Il cotone organico, prodotto e certificato secondo gli standard dell'agricoltura biologica, è un’alternativa valida e decisamente più sostenibile rispetto a quello tradizionale. Le piante da cui viene prodotto infatti sono coltivate senza pesticidi chimici e fertilizzanti artificiali. Attualmente il cotone bio rappresenta solo l’0,1% del totale coltivato nel mondo.

RACCOLTA COTONE

La sua produzione mantiene la salute del suolo, degli ecosistemi e delle persone adottando processi naturali piuttosto che chimici, bandendo l'uso di sostanze chimiche tossiche o di OGM (Organismi Geneticamente Modificati) a favore di metodi che rappresentano un mix tra innovazione, tradizione e scienza che porta vantaggi sia all’ambiente che a chi lo coltiva e lo utilizza.

Image by Artem Asset

LAGO ARAL 

Dalla coltivazione della pianta di cotone alla manutenzione dei nostri vestiti l’acqua riveste da sempre un ruolo fondamentale nell’industria della moda.

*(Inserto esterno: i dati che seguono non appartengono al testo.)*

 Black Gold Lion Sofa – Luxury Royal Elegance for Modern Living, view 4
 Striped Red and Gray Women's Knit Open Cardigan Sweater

Per realizzare una sola t-shirt vengono utilizzati 2700 litri di acqua, mentre per produrre un paio di jeans occorre il fabbisogno di acqua per 100 giorni di vita di una persona che vive in occidente e di un anno di una persona che vive nel sud Sahara.

Sono dati ormai noti, ma sui quali le autorità competenti non sono mai intervenute concretamente.

Per cercare di capire in che cosa consista il rapporto fra il consumo di acqua e l’industria della moda, portiamo come esempio il caso del lago Aral.

Questo era un lago salato di origine oceanica posto al confine tra l’Uzbekistan e il Kazakistan. 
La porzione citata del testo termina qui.